Quick Answer: This Hudson River Trading coding question tests hash-based counting for pairs that become equivalent after a digit-reversal transform. It is useful for practicing canonicalization, duplicate accounting, and careful handling of numeric string edge cases.

For each non-negative integer x, flipdigits(x) reverses its decimal digits and removes leading zeroes.
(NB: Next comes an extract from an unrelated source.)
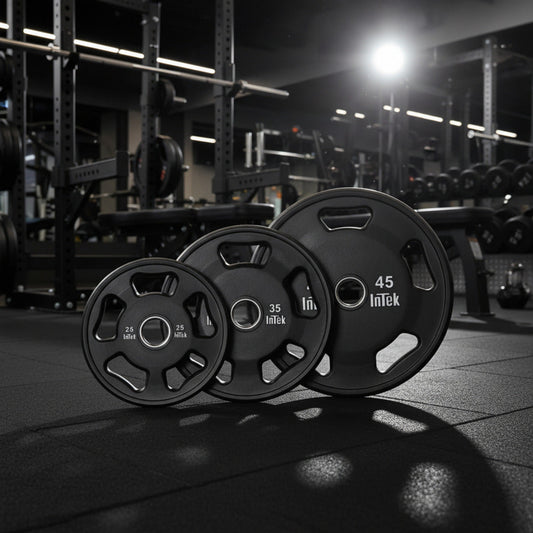 Intek Strength Armor Series Urethane Olympic Plates in gym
Count pairs (i, j) with i <= j such that arr[i] + flipdigits(arr[j]) = arr[j] + flipdigits(arr[i]).

Constraints

  • 0 <= arr.length <= 100000
  • 0 <= arr[i] <= 10^9
  • Pairs include i == j.

Examples

Input: ([1, 20, 2, 11],)

Expected Output: 7

Input: ([32, 332, 100],)

Expected Output: 4

Input: ([],)

Expected Output: 0

Input: ([0],)

Expected Output: 1

Input: ([10, 1],)

Expected Output: 2

Input: ([12, 21],)

Expected Output: 2

Input: ([100, 10, 1],)

Expected Output: 3

Input: ([123, 321, 111, 0],)

Expected Output: 5

Input: ([5, 50, 500, 5000],)

Expected Output: 4

Hints

  1. Rearrange the equation.
  2. Values with the same x - flipdigits(x) form valid pairs.
  3. For a group of size c, there are c * (c + 1) / 2 pairs with i <= j.